Offener Blick im Gedichtband "Belebte Plätze"
von Martin Krauss
In der bibliophilen "Passagen"-Reihe des Verlags "de scriptum", Uhldingen von Josef Hoben präsentiert der 1967 in Karlsruhe geborene Matthias Kehle 24 Gedichte unter dem Titel "Belebte Plätze".
Der Klappentext stellt mit Kehle einen Schriftsteller, Journalisten und Kritiker vor, der Germanistik und Soziologie studiert hat und zuvor Erzählungen und einen Gedichtband publizierte.
Die Lyrik in "Belebte Plätze" erscheint schlicht, unspektakulär, ohne sprachliche Extravaganzen; doch sie entfaltet von Beginn an eindrucksvollen, oft mehrfachen Hintersinn und ungewöhnliche Perspektiven.
Kehle bestimmt und verdichtet Alltagsmomente, Stimmungen. Griff nach dem Flüchtigen, Projektion verstohlener Gedanken: unprätentiöse Poesie, die weder aufgesetzt empfindsam noch kühl distanziert daher kommt, und die daher unmittelbar und aufrichtig wirkt.
Kehles Gedichte werden geprägt durch intensive Verschränkung von Emotion und Beobachtung, welche dadurch metaphorischen Gehalt empfängt. Zum Beispiel in dem titelgebenden Gedicht, wenn die Lust ihre "Habseligkeiten [...] auf belebten Plätzen (verstreut)". In tiefsinnigen, sich dabei keineswegs als "Weisheiten" gebärdenden, atmosphärisch geladenen Miniaturen erweckt Matthias Kehle die Magie der Momente, bewegt sich, ohne abzuschweifen, von der Wahrnehmung zur Projektion von Träumen und Gedanken, als sei dies der natürlichste aller Wege. Die kompromißlos persönliche Perspektive extrahiert mühelos das Substanzielle aus allgemeiner Beobachtung, die stets auch mit Erwartung konfrontiert ist: "noch im Oktober / wartest du / auf die Hitze / die im Gedächtnis flirrt..."

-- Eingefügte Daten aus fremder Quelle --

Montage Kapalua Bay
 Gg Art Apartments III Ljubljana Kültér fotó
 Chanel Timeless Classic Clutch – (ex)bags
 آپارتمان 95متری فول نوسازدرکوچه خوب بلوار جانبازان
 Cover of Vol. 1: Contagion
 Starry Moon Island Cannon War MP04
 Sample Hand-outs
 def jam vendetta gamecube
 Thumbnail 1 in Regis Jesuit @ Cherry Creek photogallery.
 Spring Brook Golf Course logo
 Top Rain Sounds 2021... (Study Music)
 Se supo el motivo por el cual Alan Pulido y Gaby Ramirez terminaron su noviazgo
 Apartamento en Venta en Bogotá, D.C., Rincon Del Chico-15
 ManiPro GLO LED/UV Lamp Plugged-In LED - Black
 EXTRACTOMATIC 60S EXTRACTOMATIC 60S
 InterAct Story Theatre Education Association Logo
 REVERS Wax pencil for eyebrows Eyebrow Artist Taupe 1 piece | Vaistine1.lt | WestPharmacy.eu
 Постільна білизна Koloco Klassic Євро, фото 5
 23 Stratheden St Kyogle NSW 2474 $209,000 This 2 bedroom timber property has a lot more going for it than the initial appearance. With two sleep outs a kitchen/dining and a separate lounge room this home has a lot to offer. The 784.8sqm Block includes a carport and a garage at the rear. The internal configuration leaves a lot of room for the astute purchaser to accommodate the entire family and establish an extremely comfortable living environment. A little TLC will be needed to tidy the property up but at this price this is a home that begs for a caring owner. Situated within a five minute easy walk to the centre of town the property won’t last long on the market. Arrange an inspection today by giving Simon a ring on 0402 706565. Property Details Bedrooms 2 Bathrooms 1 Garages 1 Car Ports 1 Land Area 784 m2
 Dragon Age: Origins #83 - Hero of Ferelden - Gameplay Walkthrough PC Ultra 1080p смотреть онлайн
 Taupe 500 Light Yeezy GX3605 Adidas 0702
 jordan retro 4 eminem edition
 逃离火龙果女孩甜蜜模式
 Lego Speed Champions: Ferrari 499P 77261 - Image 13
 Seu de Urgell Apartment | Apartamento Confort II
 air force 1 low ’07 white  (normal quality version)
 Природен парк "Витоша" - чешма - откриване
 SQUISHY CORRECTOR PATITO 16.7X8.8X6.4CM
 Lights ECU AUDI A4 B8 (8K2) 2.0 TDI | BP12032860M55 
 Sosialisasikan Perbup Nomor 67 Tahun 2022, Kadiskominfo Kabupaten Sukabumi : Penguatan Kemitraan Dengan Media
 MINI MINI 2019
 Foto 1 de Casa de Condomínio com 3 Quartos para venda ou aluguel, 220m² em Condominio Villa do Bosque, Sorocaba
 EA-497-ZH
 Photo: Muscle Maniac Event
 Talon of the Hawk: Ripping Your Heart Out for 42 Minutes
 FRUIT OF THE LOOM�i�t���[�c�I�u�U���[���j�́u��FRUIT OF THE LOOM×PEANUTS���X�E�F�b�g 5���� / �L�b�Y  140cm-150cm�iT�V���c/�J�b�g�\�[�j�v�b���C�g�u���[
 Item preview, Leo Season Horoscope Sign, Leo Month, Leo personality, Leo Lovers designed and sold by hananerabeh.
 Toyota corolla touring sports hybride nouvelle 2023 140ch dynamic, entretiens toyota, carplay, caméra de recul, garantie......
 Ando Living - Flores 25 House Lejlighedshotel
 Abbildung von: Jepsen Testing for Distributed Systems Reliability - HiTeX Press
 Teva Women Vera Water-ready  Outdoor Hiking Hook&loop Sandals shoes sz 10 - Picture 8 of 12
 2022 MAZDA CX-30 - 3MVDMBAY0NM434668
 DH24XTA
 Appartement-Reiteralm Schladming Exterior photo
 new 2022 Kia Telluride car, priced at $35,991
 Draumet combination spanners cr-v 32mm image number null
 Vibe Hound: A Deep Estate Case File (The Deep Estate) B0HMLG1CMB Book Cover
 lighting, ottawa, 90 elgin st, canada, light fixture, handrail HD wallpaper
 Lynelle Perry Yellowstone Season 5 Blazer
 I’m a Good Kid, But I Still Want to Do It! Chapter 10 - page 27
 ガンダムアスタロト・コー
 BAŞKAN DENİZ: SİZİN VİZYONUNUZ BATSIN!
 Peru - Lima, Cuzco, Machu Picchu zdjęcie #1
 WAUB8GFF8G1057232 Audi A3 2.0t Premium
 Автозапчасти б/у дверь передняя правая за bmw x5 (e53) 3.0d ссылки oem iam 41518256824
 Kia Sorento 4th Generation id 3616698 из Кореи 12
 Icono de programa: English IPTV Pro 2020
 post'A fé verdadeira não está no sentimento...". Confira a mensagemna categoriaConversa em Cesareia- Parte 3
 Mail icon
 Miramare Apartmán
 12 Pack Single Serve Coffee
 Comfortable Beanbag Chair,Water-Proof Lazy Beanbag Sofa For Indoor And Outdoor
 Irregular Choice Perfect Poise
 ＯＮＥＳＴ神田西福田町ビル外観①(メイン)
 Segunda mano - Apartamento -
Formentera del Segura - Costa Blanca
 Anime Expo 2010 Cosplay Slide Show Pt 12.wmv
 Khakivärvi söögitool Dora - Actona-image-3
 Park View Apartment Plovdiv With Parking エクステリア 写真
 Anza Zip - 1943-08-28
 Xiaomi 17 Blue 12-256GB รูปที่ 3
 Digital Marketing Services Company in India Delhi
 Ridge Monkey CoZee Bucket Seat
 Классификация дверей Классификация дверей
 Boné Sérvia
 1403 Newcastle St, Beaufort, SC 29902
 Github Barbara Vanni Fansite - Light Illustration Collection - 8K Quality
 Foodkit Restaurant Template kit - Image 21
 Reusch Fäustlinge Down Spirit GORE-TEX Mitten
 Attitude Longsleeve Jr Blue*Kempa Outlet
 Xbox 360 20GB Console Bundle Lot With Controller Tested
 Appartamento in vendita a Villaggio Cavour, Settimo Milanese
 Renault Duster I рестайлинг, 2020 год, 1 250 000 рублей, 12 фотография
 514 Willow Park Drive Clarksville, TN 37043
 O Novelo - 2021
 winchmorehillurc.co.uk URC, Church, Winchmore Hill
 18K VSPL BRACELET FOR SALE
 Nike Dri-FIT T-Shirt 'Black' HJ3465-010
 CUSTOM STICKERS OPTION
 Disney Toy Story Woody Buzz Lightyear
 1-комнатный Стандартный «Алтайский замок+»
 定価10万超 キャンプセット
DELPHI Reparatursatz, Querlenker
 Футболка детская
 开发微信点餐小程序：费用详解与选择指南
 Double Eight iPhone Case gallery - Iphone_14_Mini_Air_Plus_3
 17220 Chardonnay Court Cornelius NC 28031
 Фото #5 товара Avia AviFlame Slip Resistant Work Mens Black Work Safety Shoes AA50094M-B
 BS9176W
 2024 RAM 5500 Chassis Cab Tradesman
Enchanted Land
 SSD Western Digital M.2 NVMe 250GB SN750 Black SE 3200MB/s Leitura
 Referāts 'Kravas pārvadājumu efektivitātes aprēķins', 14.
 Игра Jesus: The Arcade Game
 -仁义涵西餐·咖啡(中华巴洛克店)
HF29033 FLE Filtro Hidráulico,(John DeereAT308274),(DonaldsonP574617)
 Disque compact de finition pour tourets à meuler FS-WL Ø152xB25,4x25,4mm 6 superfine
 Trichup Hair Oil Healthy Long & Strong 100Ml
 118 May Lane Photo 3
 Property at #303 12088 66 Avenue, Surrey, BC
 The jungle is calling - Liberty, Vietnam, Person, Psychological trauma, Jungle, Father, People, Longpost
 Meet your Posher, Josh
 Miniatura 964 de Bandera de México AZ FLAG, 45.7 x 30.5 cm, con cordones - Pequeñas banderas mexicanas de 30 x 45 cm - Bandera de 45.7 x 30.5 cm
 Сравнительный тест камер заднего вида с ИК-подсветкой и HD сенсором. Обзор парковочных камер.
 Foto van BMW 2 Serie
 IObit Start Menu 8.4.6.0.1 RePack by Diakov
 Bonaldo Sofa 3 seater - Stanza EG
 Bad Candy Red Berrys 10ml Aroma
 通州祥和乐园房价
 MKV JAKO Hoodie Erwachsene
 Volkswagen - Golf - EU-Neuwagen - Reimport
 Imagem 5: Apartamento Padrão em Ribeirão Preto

Dann gelingen ihm einfühlsame Versenkungen ins Gegenüber seiner Verse, dem "Du" ebenso wie z.B. der alten Frau im "Herbst": "Das Wetter spielt mit / den Greisen. / Eine Frau trägt / ein Plastikhäubchen, / ändert ihre Vorstellung / von Wärme." — oder auch in Kindheitsdämmerungen, zu denen er wohltuende, persönliche Distanz wahrt. ("Sein Großvater habe ihm [...] gezeigt..." — "Sie erinnert sich..."). Selbstdarstellung ist offenkundig nicht Matthias Kehles treibendes Motiv. Der offene, teilnehmende Blick zum Anderen verrät Reife.
Indirekt erschließt Kehle seine Poetik selbst, und zwar im letzten Gedicht, gleichsam komprimierend: aus der interessierten Beobachtung des Gegenübers und der freien Assoziation werden Fragen und Gedanken aufgeworfen, die thematisch nicht festgelegt, nicht methodisch, nicht gezielt, sondern ergebnisoffen sind (wohl deswegen sind die meisten Gedichte ohne Titel). "Im Vorbeigehen kratzt sie / Moos von der Mauer. / Welche Sage erzählt / vom Totenschiff / aus abgeschnittenen Fingernägeln? / fragt sie und bemerkt / den Wind, der in ihre / Frage geraten ist." Auch Kehle läßt den Wind in seine Texte wehen, anstatt mit verbissenem Schreibwillen bei geschlossenen Läden zu werkeln. Erstaunlich, daß sie dabei sprachlich so präzise, so stringent und formbewußt sind.
Matthias Kehles Gedichte sind gerade wegen ihrer Offenheit anregend, anspruchsvoll und von hohem, ästhetischen Reiz. Das Heft von 30 Seiten "Belebte Plätze" provoziert viele Gedanken — und es ermöglicht eine gewinnende persönliche Begegnung.
Matthias Kehle: "Belebte Plätze" (Gedichte). Reihe "Passagen" Nr. 9 im de scriptum Verlag, Uhldingen 1999, ISBN 3-931071-21-9, 30 Seiten, 20,- DM.